Kite Runner Sample Essays
Choose a novel in which has one of the following as its theme; sacrifice, unrequired love; isolation. Discuss the techniques by which the novelist establishes one of these themes and go on to show how, in the end, he or she achieves a satisfactory resolution.
The Kiterunner by Hosseini Khald is a novel in which has a theme of sacrifice; Hassan sacralises himself for Amir. This essay will discuss techniques by which the novelist establishes the theme of sacrifice and will go on to show how in the end Amir achieves a satisfactory resolution by rescuing Hassan’s son from an orphanage in Kabul.
A scene within the book shows the theme of sacrifice is just after the win of the Kite Tournament for Hassan and Amir, Hassan goes to find the kite which was run off and Amir goes off to find him once he has been away for a long time.
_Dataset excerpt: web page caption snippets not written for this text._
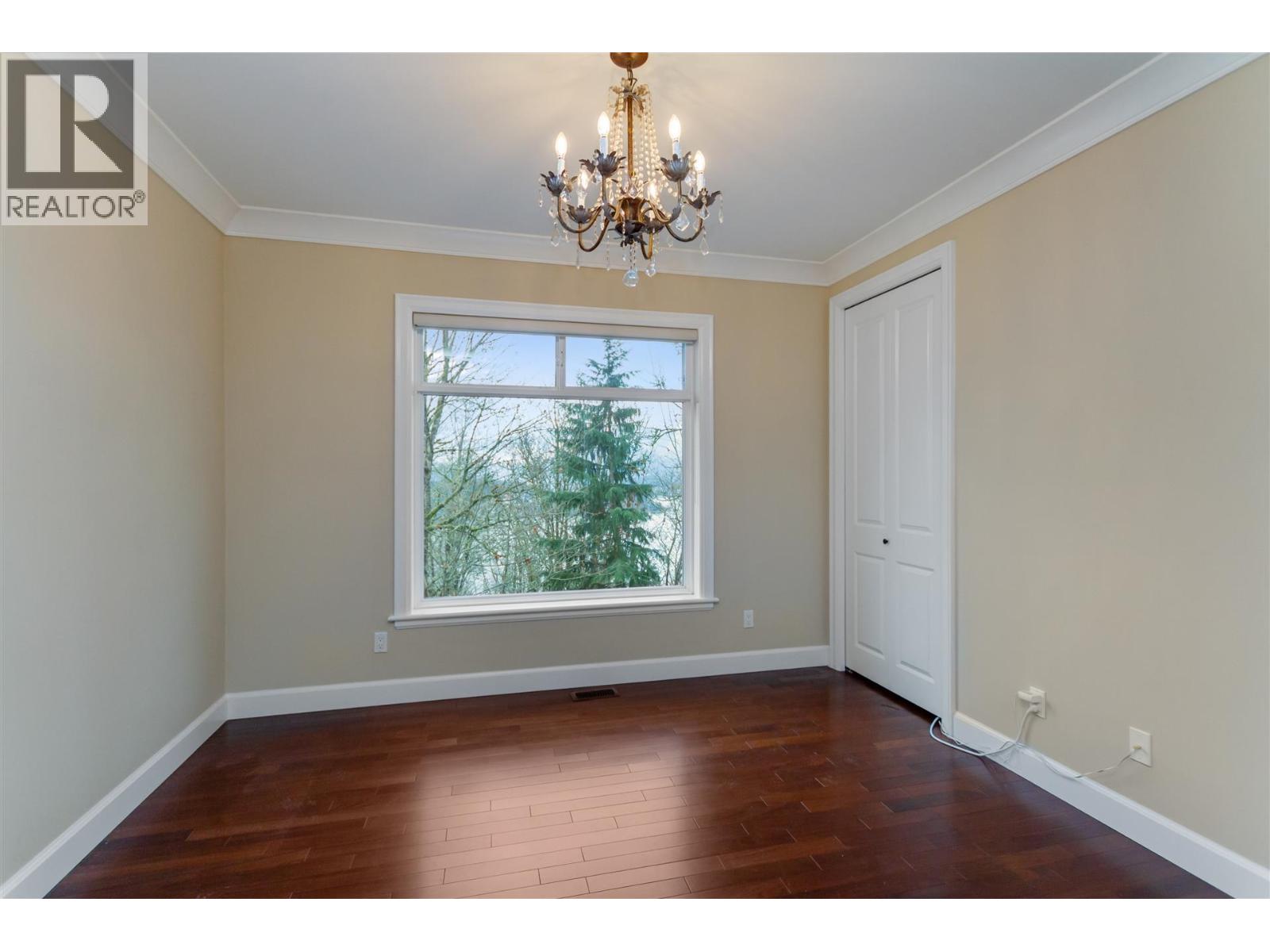 5521 Bessborough Drive, Burnaby, British Columbia  V5B 1E1 - Photo 19 - R3067627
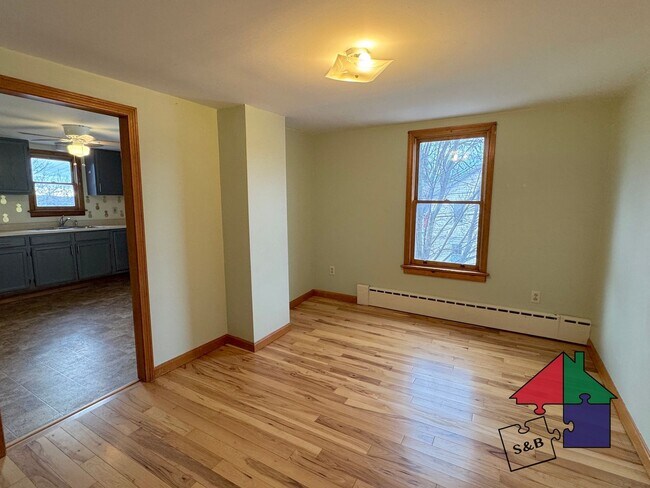 Building Photo - 109 Maple St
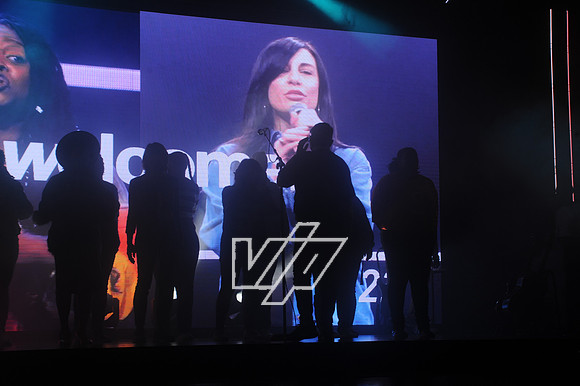 12FEB-CC_048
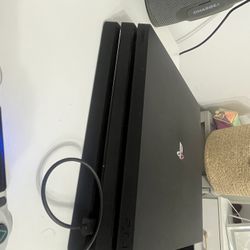 Play Station 4, One Controller Good Condition Fair Price 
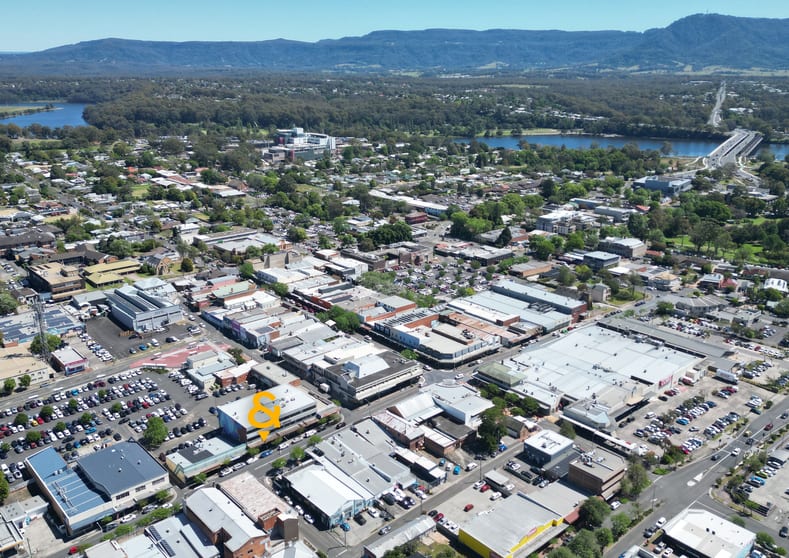 Click to view all images 2/29 Kinghorne Street Nowra NSW 2541 - Image 2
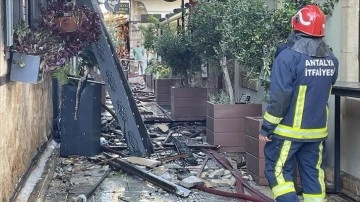 Antalya'da butik otelde çıkan yangında 2 turist öldü, 10 kişi yaralandı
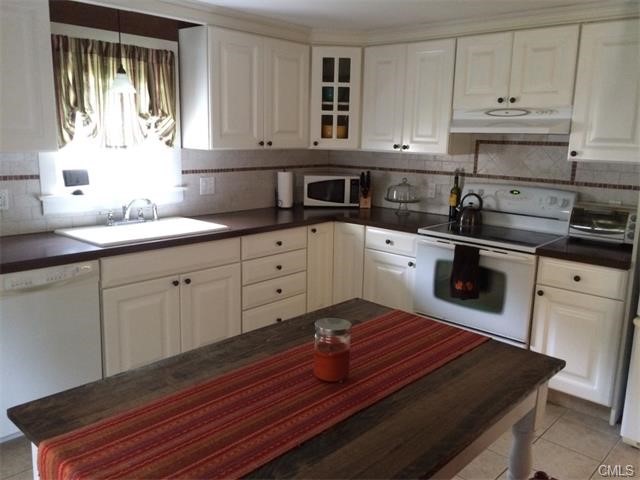 2 Pleasant Avenue, Naugatuck, CT 06770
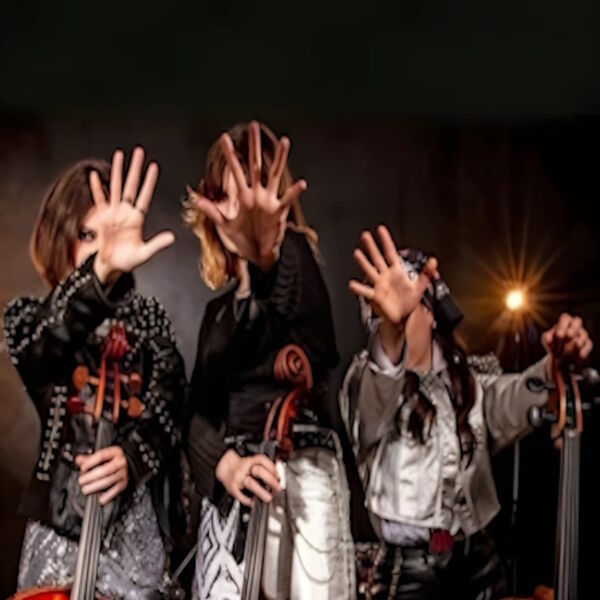 Легенды панк-рока на виолончелях. Magic Cellos band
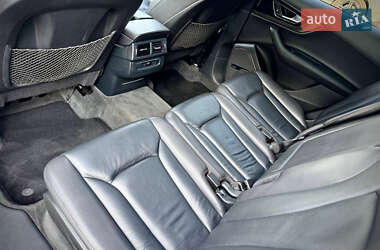 Позашляховик / Кросовер Audi Q7 2017 в 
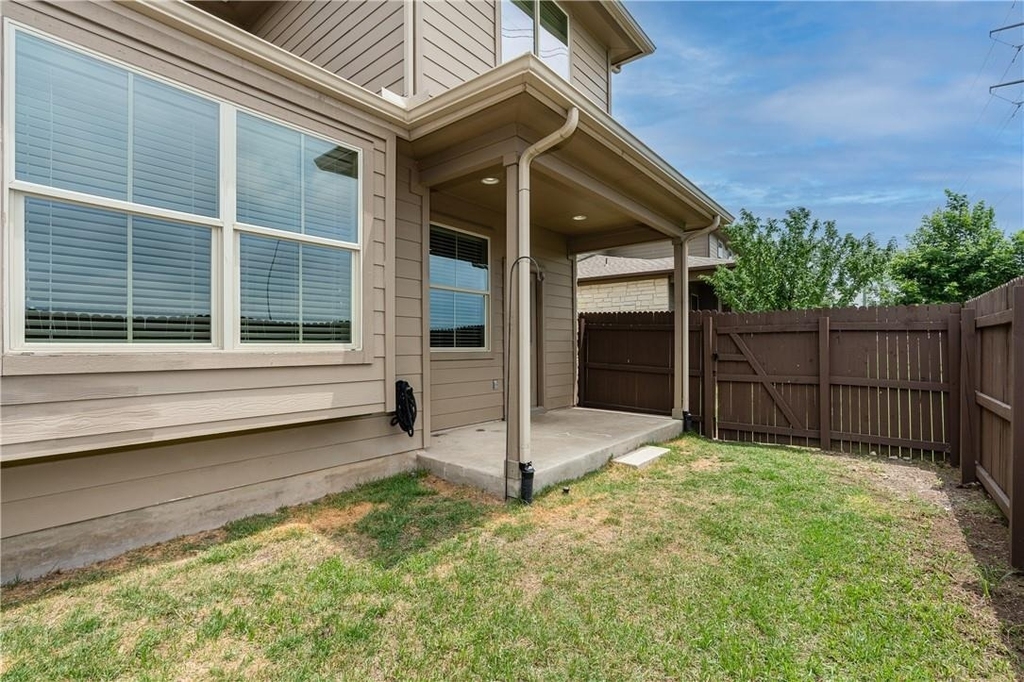 2880 Donnell Dr - Photo 10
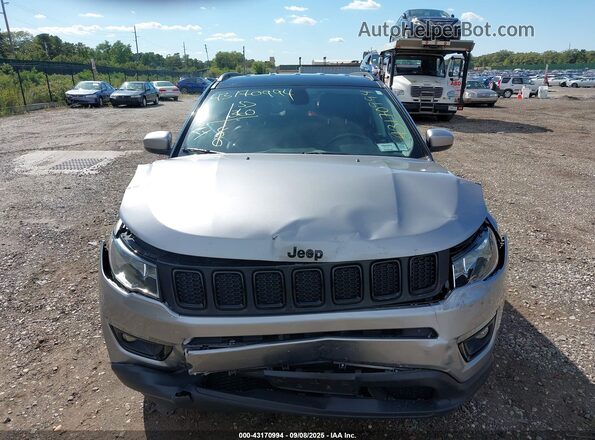 3C4NJDBB3LT115787 2020 JEEP COMPASS Silver Widok zestawu wskaźników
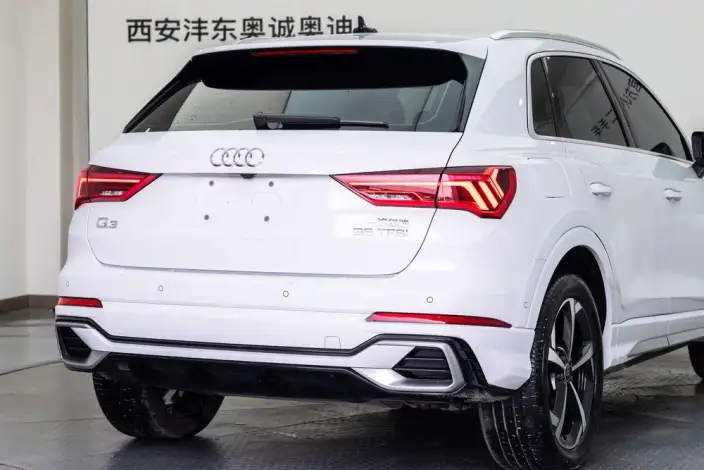 AUDI Q3 2025 Model quattro 45th Anniversary Collector Edition Edition 35 TFSI Fashion Dynamic Model – фото 7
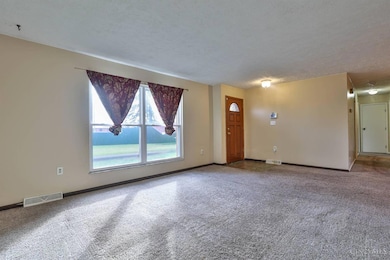 8309 Cox Rd, West Chester, OH 45069 - photo 6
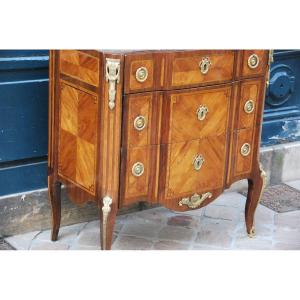 Elégante Commode  Transition  Estampillée De Bircklé XVIII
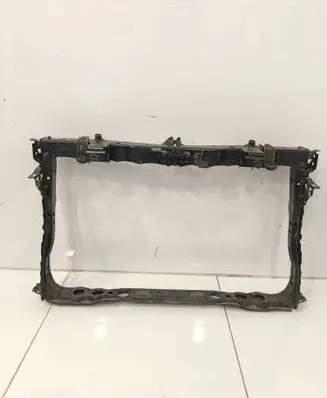 Toyota Prius (XW30) Radiator support slam panel 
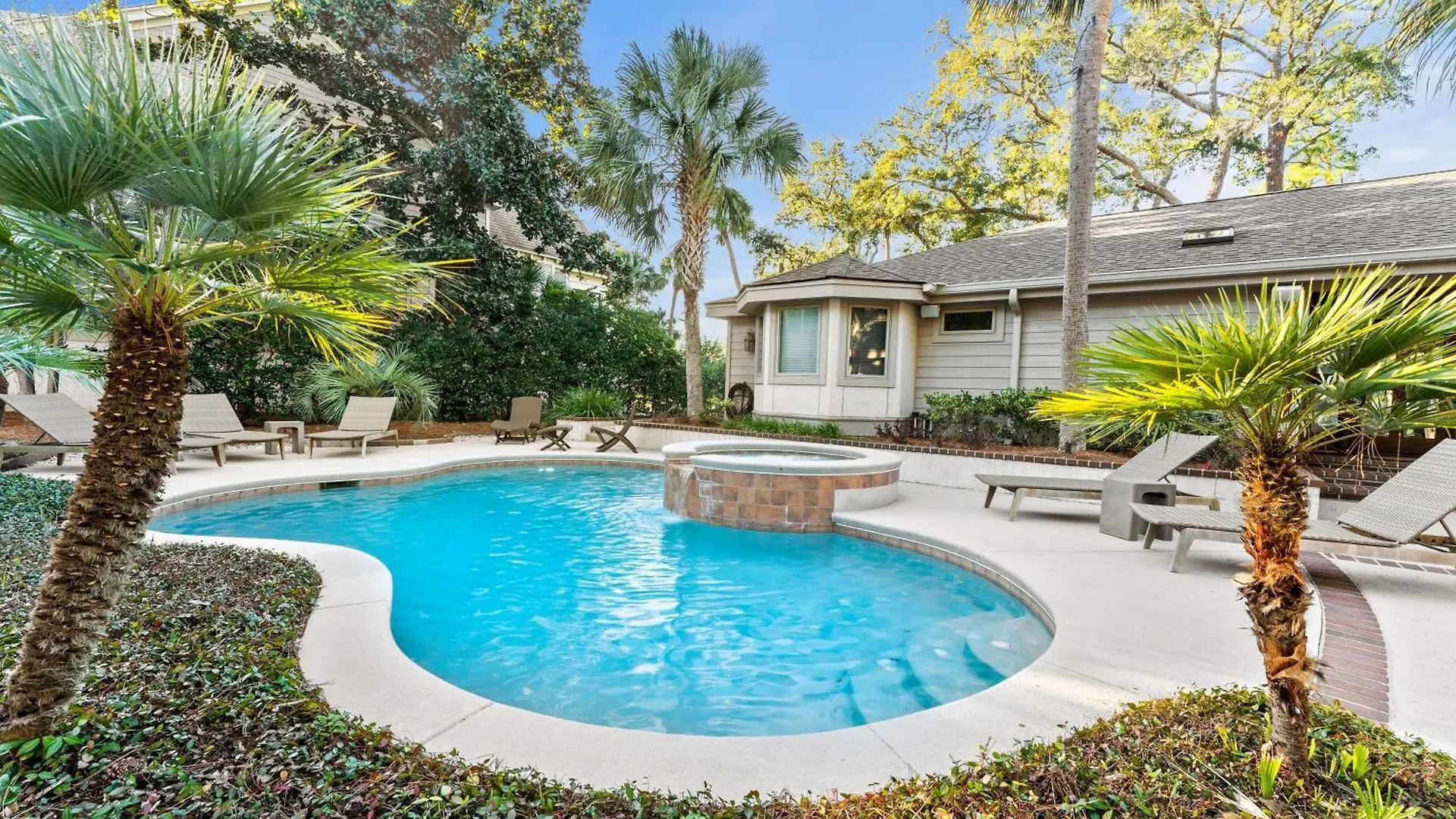 New Listing - 3rd Row - Pool - - Golf Course - Lagoon - 8 Lagoon Rd Holiday home Hilton Head Island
Amir finds him cornered by Assef whom is demanding the kite however, Hassan refuses. “It’s only going to cost you that blue kite” Assef states, however, Hassan still refuses to give up the kite. Amir stays hidden as he is scared to interfere. This results in the rape of Hassan by Assef due to Hassan refusing to give up the kite, showing his love for Amir as Amir values the kite due to the winning of the Kite Tournament with it. This scene shows a theme of sacrifice as Hassan has sacrificed himself for the Kite to keep Amir happy.
After the rape, Amir frames Hassan for the stealing of his birthday money and his brand new watch that Baba bought for Amir. The reason Amir does this is because he can barely stand to be around Hassan due to his guilt overcoming him for not stepping in and interfering with the rape. “Baba ‘did you steal that money? Did you steal Amir’s watch Hassan?” and “Hassan’s reply was a single word, delivered with a thin raspy voice ‘Yes’. Amir was token back with Hassan’s reply as Amir knew he was the one who planted the watch in Hassan’s possession. Amir realized that this was Hassan’s last sacrifice for him, as if Hassan had said no, Baba would have believed him and put the blame on Hassan. This shows that Hassan has sacrificed himself for Amir again and Amir has only thrown it back in face.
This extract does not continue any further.